The emergency regulation, an idea the AFN organization came up with, will immediately protect at least 200 children, Kitka said.
The
regulation came with an adoption order signed by state Health
Commissioner Valerie Davidson with filing certification by Lt. Gov.
Byron Mallott. It became effective Wednesday.
The state
currently requires that families file for adoption in a state court, a
requirement that was “sufficiently challenging,” particularly in rural
Alaska, said an emergency finding associated with the regulation. It
placed an obstacle between Native foster children in state care and
families hoping to adopt under the Indian Child Welfare Act.
“For
example: Child In Need of Aid proceedings, the proceedings by which
children in the custody of (the state health department) may be freed
for adoption, are confidential; filing a petition to adopt a Native
child requires the assistance of a lawyer; the majority of rural
Alaskans and low-income Alaskans do not have access to a lawyer; in
rural Alaska, limited access to computers, printers, reliable internet
service, and the lack of Native-language court forms further limit
access to the courts,” said the finding.
The development
stems from a state Supreme Court decision made in September in Native
Village of Tununak v. State, a case brought in 2011 involving a woman
from that Southwest village who wished to adopt her young granddaughter.
The
state had said the woman never formally filed to adopt her, though she
had taken several steps to do so, including expressing her intentions in
a courtroom hearing as state officials had instructed, said her
attorney, Jim Davis of Alaska Legal Services.
The state
court’s decision, citing a U.S. Supreme Court case, said a formal filing
or a proxy was required, Davis said. Yet the state had not defined the
steps needed to satisfy a proxy.
The new emergency regulations say a proxy can consist of
the request of a relative, tribal member or other Indian family
interested in immediate placement and adoption of a child at any court
hearing in the Child in Need of Aid matter; the request of a relative,
tribal member or other Indian family interested in immediate placement
and adoption of a child, conveyed to the department by phone, mail, fax,
electronic mail, or in person; or the request by the child's tribe or
tribe in which the child is eligible for enrollment to the department on
behalf of a relative or tribal member who the tribe has confirmed is
requesting immediate placement and adoption of a child.
Native
organizations, including AFN and the Tanana Chiefs Conference, had
petitioned Gov. Bill Walker and Lt. Gov. Byron Mallott to urge the state
Supreme Court to reopen the case. The state’s deadline to respond was
Wednesday and Davis said he had not seen what the state intended to do.

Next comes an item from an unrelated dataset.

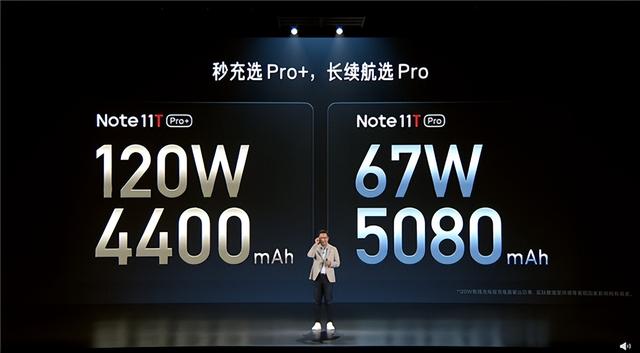 红米千元内新品，红米多款王炸新品发布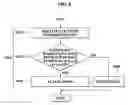 Fig. 05 - Apparatus for saving power by using location information and method thereof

But he said the emergency regulations are a “huge” improvement.
“Whether
it fixes all the problems, time will tell, but it’s certainly a very
positive step that AFN and the governor took relatively quickly,” he
said. “They and commissioner Davidson put their heads together and said,
‘How do we make things right so Native kids are not left in limbo for
years?’ ”
The finding notes most children in state foster
care are Alaska Native or American Indian. About 525 of those 1,500
Native or Indian children will achieve permanency through adoption, it
notes.
“There is an immediate need to improve access to the
formal adoption process” for those children and Native families, the
regulation says. The longer they wait, the more likelihood there is that
trauma will occur to the children.
“Placement with a
relative or a tribal member for purposes of adoption allows for the
child to grow up with the necessary familial and cultural connections to
reduce this trauma. For those children who will ultimately find
permanency through adoption, their best interests are served by adoptive
placement in homes that reflect the unique values of Native culture:
ICWA-preferred adoptive placements,” the finding notes.
Davidson, reached Friday, said she could not comment.
Kitka, Davidson, Mallott and the governor are scheduled to appear at a live-streamed press conference Thursday morning at 10:30 in the Capitol building in Juneau to discuss the emergency regulations.